:: Data ::

━━━━━━━━━━━━━━━━

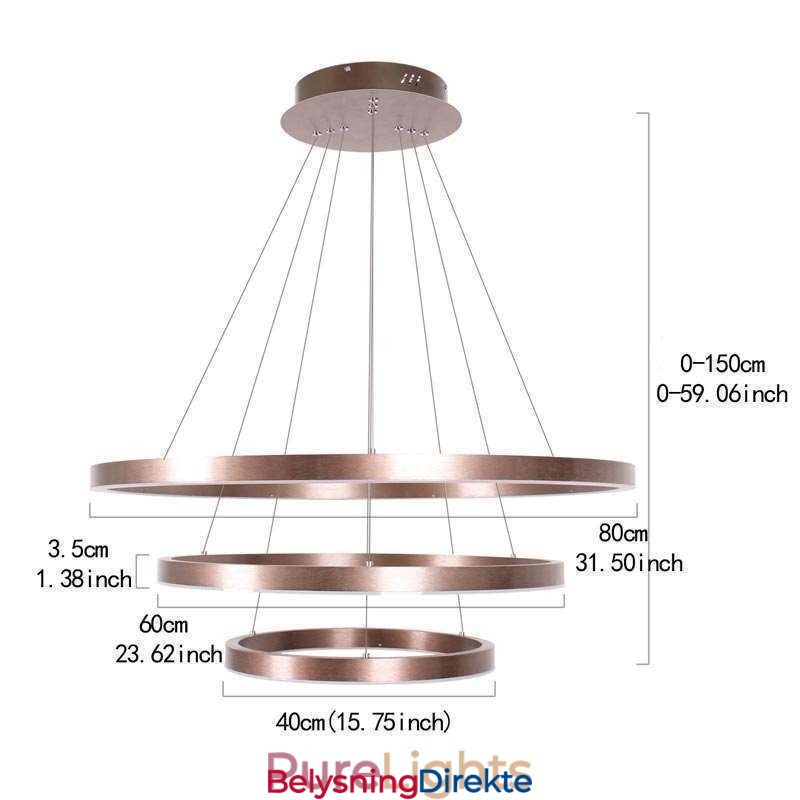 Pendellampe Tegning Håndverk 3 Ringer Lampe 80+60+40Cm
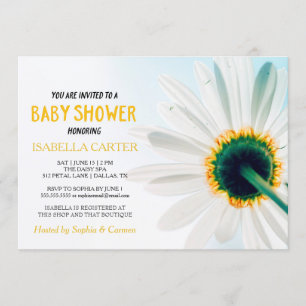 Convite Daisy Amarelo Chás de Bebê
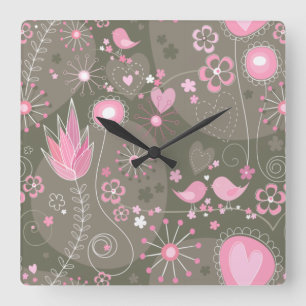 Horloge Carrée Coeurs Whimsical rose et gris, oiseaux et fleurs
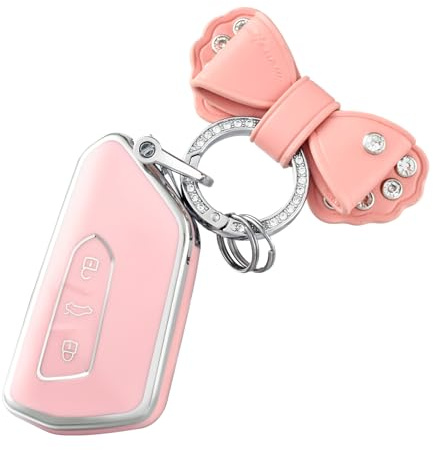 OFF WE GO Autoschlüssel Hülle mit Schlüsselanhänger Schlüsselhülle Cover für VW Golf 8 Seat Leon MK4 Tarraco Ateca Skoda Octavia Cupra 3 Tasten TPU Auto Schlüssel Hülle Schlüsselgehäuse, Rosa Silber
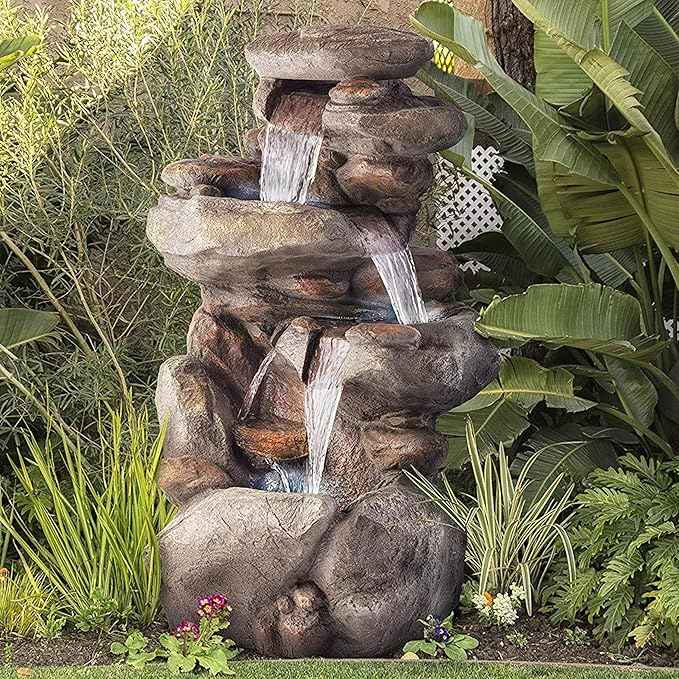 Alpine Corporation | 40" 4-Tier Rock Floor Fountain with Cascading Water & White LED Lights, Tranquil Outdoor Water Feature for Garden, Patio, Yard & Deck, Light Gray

━━━━━━━━━━━━━━━━

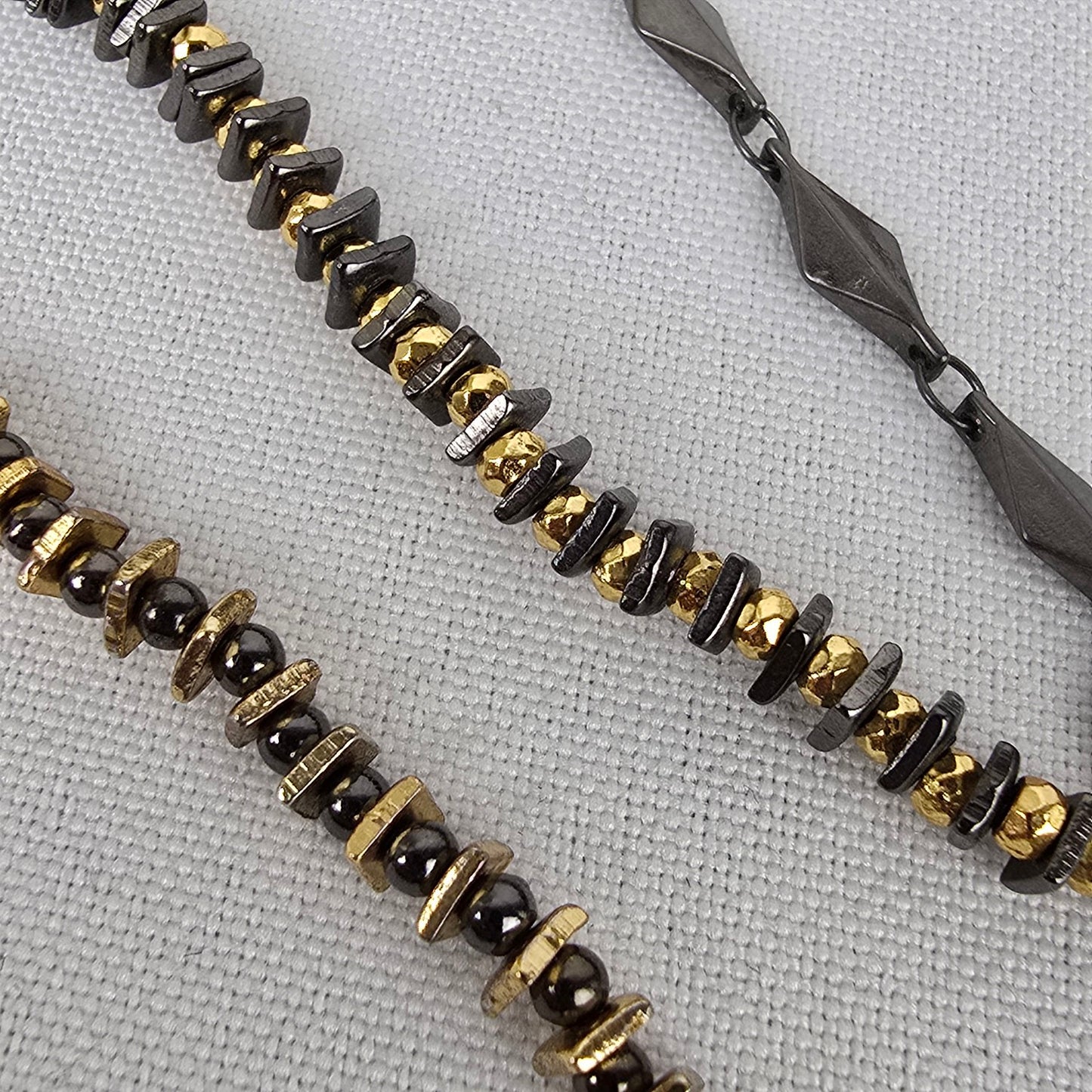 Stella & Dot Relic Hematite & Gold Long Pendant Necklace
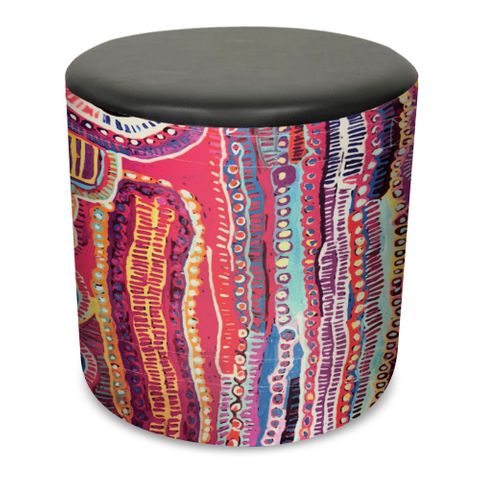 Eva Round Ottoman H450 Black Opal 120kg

━━━━━━━━━━━━━━━━

:: Exercise prompt ::
Repeat exactly the lines above, beginning at the one containing "Stella & Dot" and ending at the one containing "Eva Round Ottoman H450 Black Opal 120kg". Do not carry over any pictures.

:: Answer for the task ::
 Stella & Dot Relic Hematite & Gold Long Pendant Necklace
 Eva Round Ottoman H450 Black Opal 120kg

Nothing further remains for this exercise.